Он размышлял о том, что Генрике каким-то образом смог успокоить королеву-мать, и теперь она больше не боялась за своё влияние на него, оставив Дю Га в состоянии борьбы с Маргаритой в одиночестве. Он же сдаваться не желал, потому что, по его мнению, король с каждым днём всё больше прислушивался к сестре. Он ей доверял. Однако у Дю Га уже были идеи, как это доверие пошатнуть.
Часовня в Фонтенбло была необыкновенным местом, где будто осталось ещё что-то от средневековья. Готические окна, тёмные стены, обитые деревом, на которых были нарисованы династические лилии, и ледяной каменный пол.
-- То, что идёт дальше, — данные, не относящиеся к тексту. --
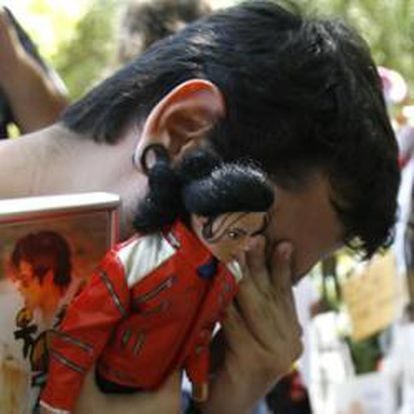 Los seguidores de Michael Jackson lloran la muerte del cantante.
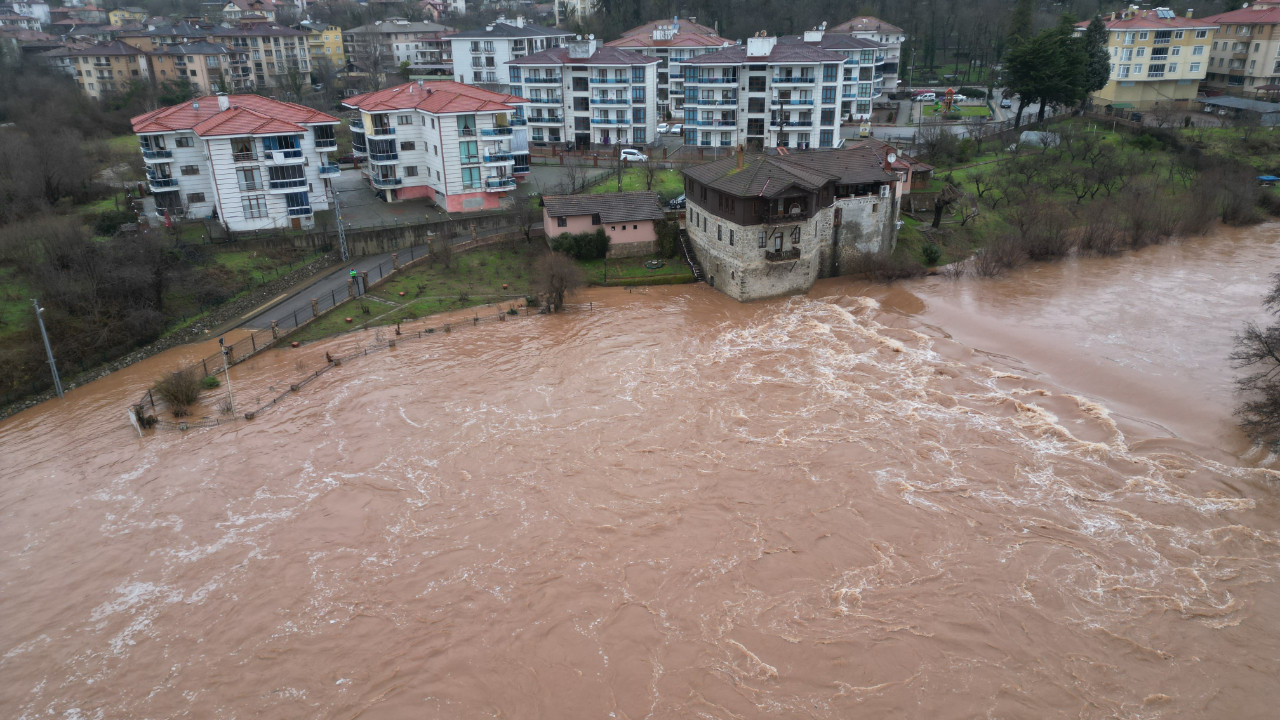 Bartın Irmağı yükseldi: Köprü trafiğe kapatıldı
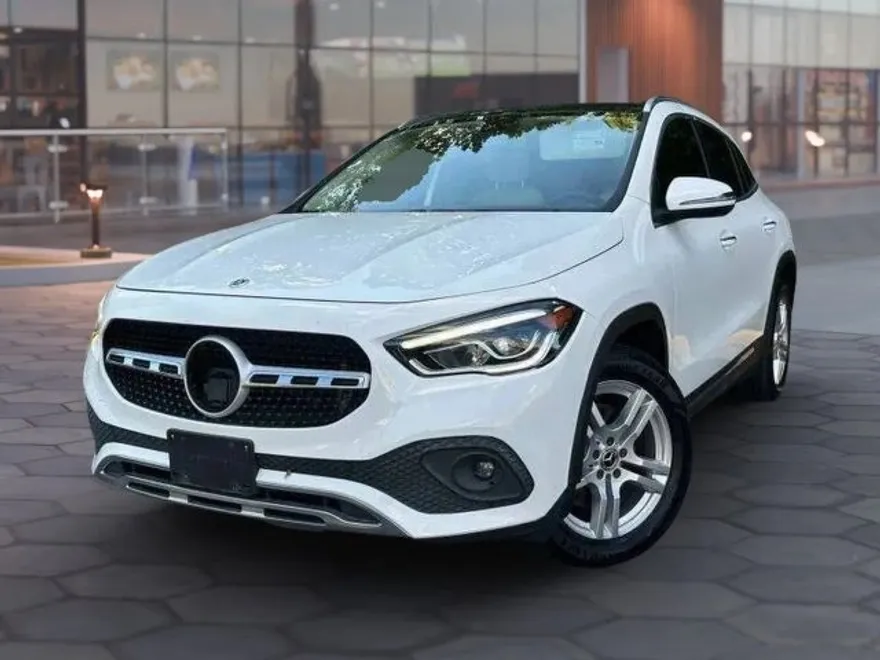 2021 Mercedes Benz GLA 250 4MATIC photo 1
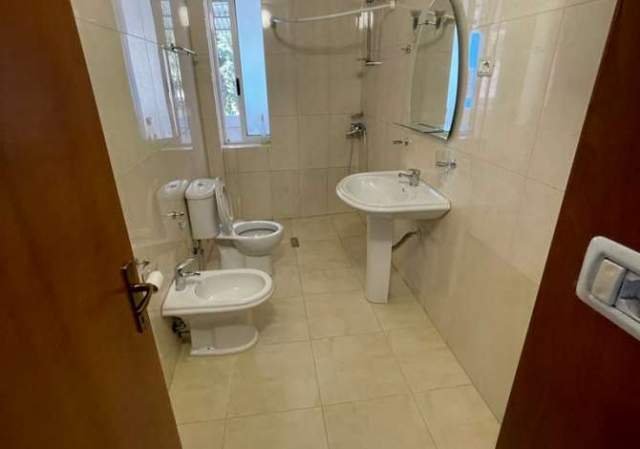 Tirane, jepet me qera ambjent biznesi 70 m² 350 Euro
Всё здесь пахло деревом, природой и цветами, аромат которых прокрадывался сюда с улицы, где вовсю бушевало лето. Здесь соединился и величавый холод, и уютное тепло.
Марго опустилась на колени перед статуей девы Марии, сложив руки. У неё было ощущение благодати от пребывания в Фонтенбло, поскольку именно здесь в её душе возрождалось множество воспоминаний о светлом детстве, здесь у неё возникало ощущение принадлежности к своему великому роду, здесь она осознавала, что является частью истории. А в такие моменты хотелось обратиться к Богу, чтобы поблагодарить его и попросить, чтобы он даровал ей свою помощь и дальше. Желание помолиться в Маргариты возникало не очень часто, но зато если уж возникало – то искреннее.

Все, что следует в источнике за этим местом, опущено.